DISY ve EPP milletvekili Loucas Fourlas, Türkiye’deki yeni insan hakları ihlâline işaret ederek Erdoğan rejimi tarafından işlenen bariz bir ihlâl vakasını gündeme getirdi.
Fourlas, Kıbrıslı Türk gazeteci Şener Levent’in de Ankara’daki bir mahkeme tarafından Türkiye Cumhurbaşkanı’na hakaret ettiği gerekçesiyle gıyaben mahkûm edildiğine işaret etti.
Fourlas, Ukrayna krizi sırasında barışçıl rol üstlenen Türkiye’nin “işgalci, fetihçi ve insan hakları ihlalcisi” olduğunu vurguladı.
DİKO ve S&D milletvekili Kostas Mavrides, söz alarak, Avrupa Konseyi üyesi Türkiye için Avrupa İnsan Hakları Mahkemesi’nin (AHİM) kararlarının bağlayıcı olduğunu, ancak Mahkemenin, Ankara’nın Kavala’nın serbest bırakılmasını isteyen 2020 nihaî kararını uygulamayı reddettiğini söyledi.

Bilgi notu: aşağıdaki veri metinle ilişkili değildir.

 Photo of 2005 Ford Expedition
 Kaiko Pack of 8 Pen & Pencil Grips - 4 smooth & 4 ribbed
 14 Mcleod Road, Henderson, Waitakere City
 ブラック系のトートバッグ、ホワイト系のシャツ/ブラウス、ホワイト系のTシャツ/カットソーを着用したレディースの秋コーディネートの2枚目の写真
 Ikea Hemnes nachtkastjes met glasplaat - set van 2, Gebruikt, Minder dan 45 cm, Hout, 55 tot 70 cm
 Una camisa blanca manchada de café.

Mavrides, AHİM’in Türkiye’de siyasi lider ve insan hakları savunucusu olan Selahattin Demirtaş’ın hapsedilmesine veya temel hakları Türk devleti tarafından ihlal edilen Rum kökenli Kıbrıs vatandaşlarına ilişkin benzer kararlarının görmezden gelindiğini de sözlerine ekledi.

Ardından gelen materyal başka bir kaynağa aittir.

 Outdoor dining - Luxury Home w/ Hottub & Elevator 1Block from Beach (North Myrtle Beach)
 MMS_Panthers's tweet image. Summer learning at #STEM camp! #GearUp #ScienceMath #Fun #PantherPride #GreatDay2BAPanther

Ayrıca, Kıbrıs Türk toplumu üzerindeki “Erdoğan baskıcı rejiminin müdahalesine” atıfta bulundu ve kısa süre önce editör Şener Levent’in 2017’de bir karikatür yayınladığı için ve Kıbrıs Türk Öğretmenler Sendikası Genel Sekreteri Şener Elcil’in cezalandırılmasını örnek gösterdi.

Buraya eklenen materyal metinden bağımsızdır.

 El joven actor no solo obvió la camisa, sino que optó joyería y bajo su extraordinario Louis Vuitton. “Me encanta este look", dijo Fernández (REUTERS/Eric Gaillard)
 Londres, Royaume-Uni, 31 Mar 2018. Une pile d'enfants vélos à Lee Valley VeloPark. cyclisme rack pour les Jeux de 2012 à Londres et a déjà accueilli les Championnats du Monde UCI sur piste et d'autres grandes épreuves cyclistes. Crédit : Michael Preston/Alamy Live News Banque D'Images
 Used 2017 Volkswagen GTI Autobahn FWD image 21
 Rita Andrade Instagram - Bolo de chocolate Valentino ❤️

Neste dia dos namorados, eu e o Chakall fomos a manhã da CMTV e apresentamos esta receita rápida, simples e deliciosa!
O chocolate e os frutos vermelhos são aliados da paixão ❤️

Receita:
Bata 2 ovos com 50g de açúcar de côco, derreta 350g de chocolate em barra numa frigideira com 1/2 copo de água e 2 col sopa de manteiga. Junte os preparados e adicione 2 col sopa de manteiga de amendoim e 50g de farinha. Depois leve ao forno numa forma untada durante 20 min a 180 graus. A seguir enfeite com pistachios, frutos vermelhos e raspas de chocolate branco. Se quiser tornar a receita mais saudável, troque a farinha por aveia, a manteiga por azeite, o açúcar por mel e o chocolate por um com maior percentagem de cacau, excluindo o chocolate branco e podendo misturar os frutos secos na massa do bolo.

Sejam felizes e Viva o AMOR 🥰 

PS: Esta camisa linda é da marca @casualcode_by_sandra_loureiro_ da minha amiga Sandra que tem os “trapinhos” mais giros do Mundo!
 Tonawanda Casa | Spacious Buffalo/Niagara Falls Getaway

AKEL ve Avrupa Parlamentosu Sol milletvekili Niyazi Kızılyürek, hem Osman Kavala’nın hem de Kıbrıslı Türk gazeteci Şener Levent’in hapis cezasına çarptırıldığını, çünkü Türkiye Cumhurbaşkanı’nın bunu istediğini söyledi.
Kızılyürek, Nazım Hikmet’in durumu tanımlamak için yazdığı bir şiir olan “Mikrokozmos”u şöyle yorumladı: “… Türkiye Asya ve Avrupa’da bir ülke, İstanbul Türkiye’de bir şehir, Osman Kavala İstanbul’da bir adam. Ve size haberi getiriyorum: Türkiye’de, İstanbul’da, onu yolda durdular, yürüyen bir adam ve onu zincirlediler… Daha şaşırtıcı, daha güçlü, daha gizemli ve devasa bulduğumu bilmenizi isterim, bu adam, yolunda durduruldu ve zincirlendi”.
Diğer AP üyeleri, siyasi saikle yapılan bir yargılamaya atıfta bulundular ve Türkiye’de insan hakları ve hukukun üstünlüğü konusundaki sorunlara dikkat çektiler. Bazı vekiller söz konusu hareket tarzıyla mevcut Türk hükûmetinin AB üyelik yolunu kapattığını öne sürdü.